Jim Alston, director of research at South Carolina-based Park Seed, said that the idea of circulating a warning had been considered and rejected.
“If you say don’t eat them, it is going to scare people,” Alston said. “We decided if we state this is a scientific experiment, then that is that.”
NASA’s Owens, who said he was unaware that a warning had been contemplated, characterized the budding reaction to the memorandum as “a little bit of hysteria.”
“It is understandable when people think of radioactive material, with Three Mile Island and all that,” he said. “But in this case NASA has gone to all extents possible to determine that this is a safe experiment.”
He said the whole issue of eating the tomatoes should be moot: “As a person conducting research, I would not experiment with eating the fruit. I think that is just self-evident.”
Alston said Thursday that he intends to eat the tomatoes anyway because the chance of biting into a poisonous one is “so remote it is almost impossible.”
He would not go so far, however, as to recommend that others eat them.
“There is that far-fetched possibility that some kind of mutation has changed something in the genetic material . . . of the fruit,” he said. “Because of the visibility of this thing, somebody out there is going to be looking for an easy buck: ‘I ate this tomato and got sick, and I’m going to sue for a million dollars.’ For that reason, we are not recommending that they be eaten.”

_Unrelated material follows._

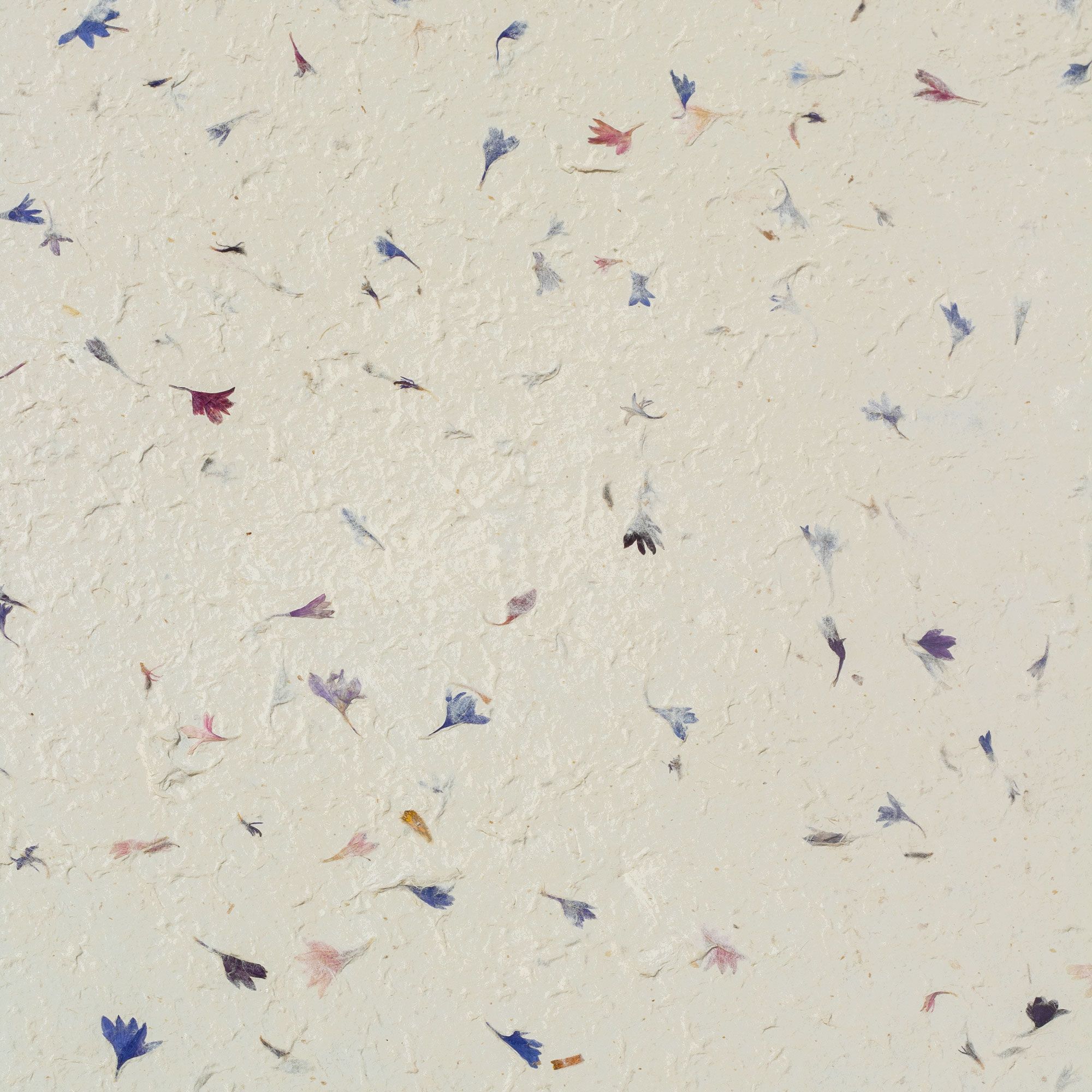 Lokta Craft & Wrapping Paper 51x76cm – Cornflower Petal - Image 6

Vincent Rubatzky, a vegetable specialist at UC Davis, said placing the seeds in space increases the likelihood of radiation-induced mutations because the seeds no longer have the protection of the Earth’s atmosphere. He said, however, that the odds are “one in several million” that cosmic radiation would cause a mutation, and even less likely that it would cause a toxic one.
“Even if it did, it would be very easily determined,” Rubatzky said. “If you try it, and it tastes like skunk meat, it would be very evident.”
Free-lance writer Teddy Colbert contributed to this story.